DATASET RECORDS:
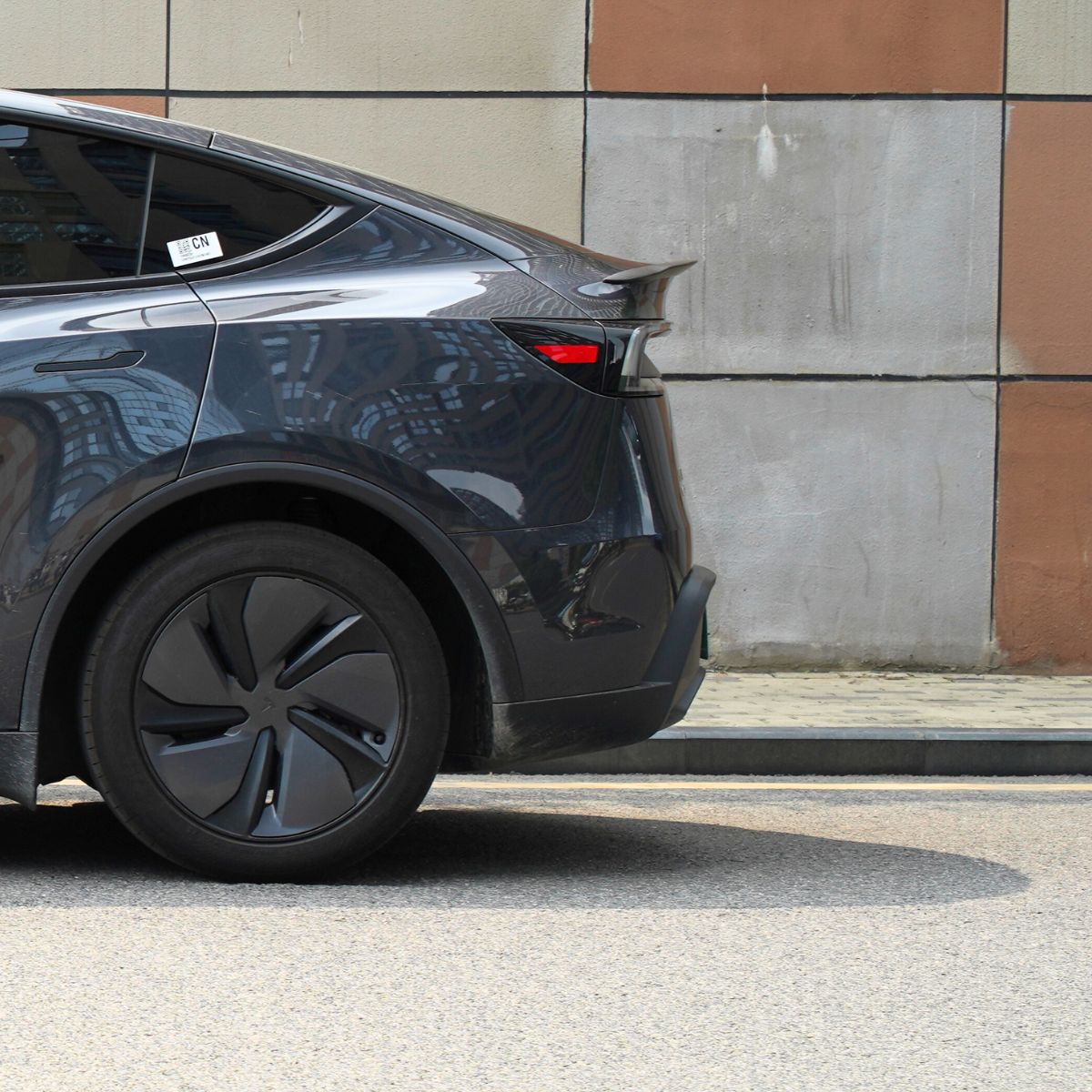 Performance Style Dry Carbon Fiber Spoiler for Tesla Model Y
...
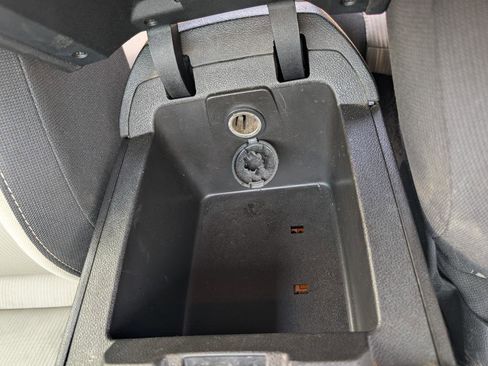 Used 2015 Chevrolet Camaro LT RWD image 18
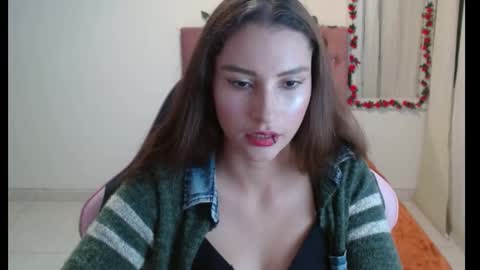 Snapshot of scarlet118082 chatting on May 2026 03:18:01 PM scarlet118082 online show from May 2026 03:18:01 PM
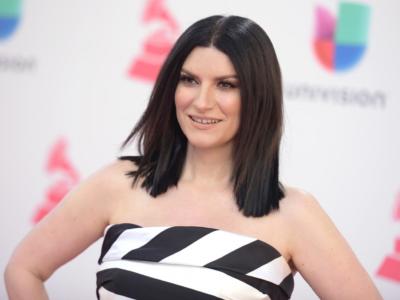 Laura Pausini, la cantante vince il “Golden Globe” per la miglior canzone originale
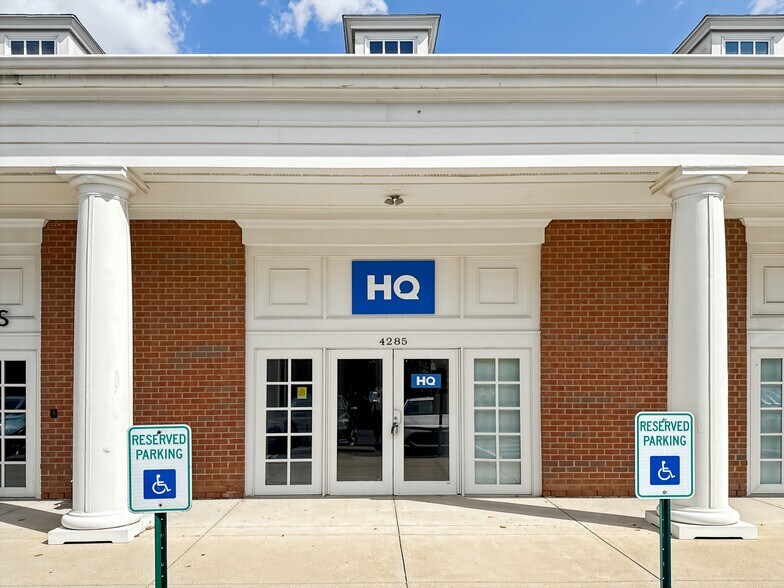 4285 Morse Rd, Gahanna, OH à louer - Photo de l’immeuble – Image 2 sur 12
* * *
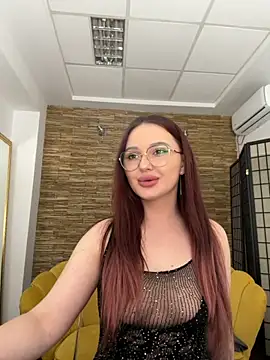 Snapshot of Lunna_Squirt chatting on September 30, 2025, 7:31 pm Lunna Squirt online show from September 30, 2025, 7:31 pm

WHAT YOU HAVE TO DO: Print exactly the lines above that run from the one with "Used 2015 Chevrolet Camaro LT RWD image 18" down to the one with "4285 Morse Rd, Gahanna, OH", and omit the pictures.

SOLUTION TO THIS EXERCISE:
 Used 2015 Chevrolet Camaro LT RWD image 18
 Snapshot of scarlet118082 chatting on May 2026 03:18:01 PM scarlet118082 online show from May 2026 03:18:01 PM
 Laura Pausini, la cantante vince il “Golden Globe” per la miglior canzone originale
 4285 Morse Rd, Gahanna, OH à louer - Photo de l’immeuble – Image 2 sur 12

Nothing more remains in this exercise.